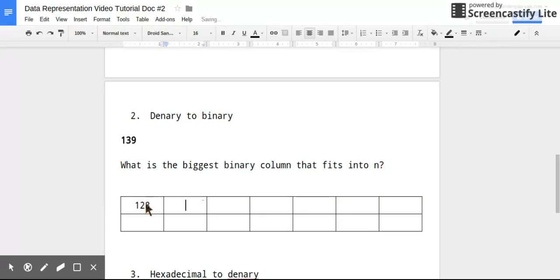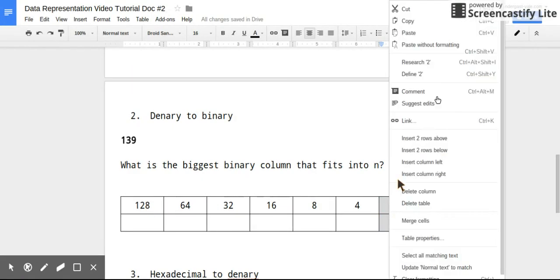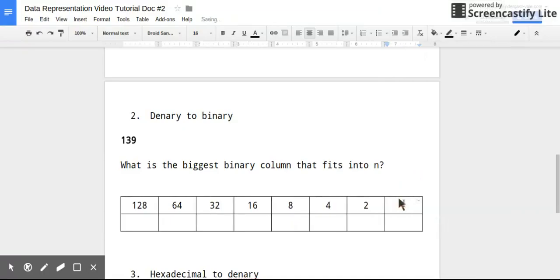So then 64, 32, 16, 8, 4, 2. Whoops. When I said I needed 7 columns, what I actually need is 8 columns.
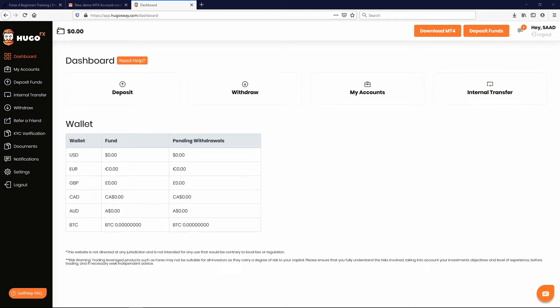What is up my Forks for Beginners family. So today we're going to be downloading MetaTrader 4. We're in our back office again.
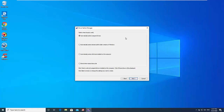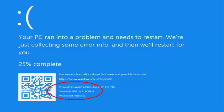Hi friends! This video will show you how to run Windows Driver Verifier to troubleshoot driver issues. Driver Verifier Manager is a very useful tool to identify problematic drivers. You can also use it to diagnose driver issues with blue screens of death, or any time you think there's a driver problem.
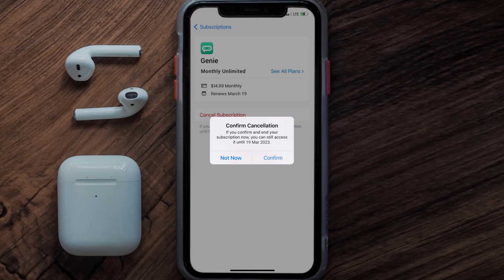You'll not be charged anymore, and the great thing is you can carry on using the app until the subscription date was originally due. Also, deleting the Jenny Chatbot app or your Jenny Chatbot account will not cancel your subscription, and subscriptions renew automatically unless you cancel your subscription manually on your own.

------------------------------------

=== What is required ===
The entire listing above, minus its pictures, should be copied out exactly.

=== The answer ===
So then 64, 32, 16, 8, 4, 2. Whoops. When I said I needed 7 columns, what I actually need is 8 columns.
What is up my Forks for Beginners family. So today we're going to be downloading MetaTrader 4. We're in our back office again.
Hi friends! This video will show you how to run Windows Driver Verifier to troubleshoot driver issues. Driver Verifier Manager is a very useful tool to identify problematic drivers. You can also use it to diagnose driver issues with blue screens of death, or any time you think there's a driver problem.
You'll not be charged anymore, and the great thing is you can carry on using the app until the subscription date was originally due. Also, deleting the Jenny Chatbot app or your Jenny Chatbot account will not cancel your subscription, and subscriptions renew automatically unless you cancel your subscription manually on your own.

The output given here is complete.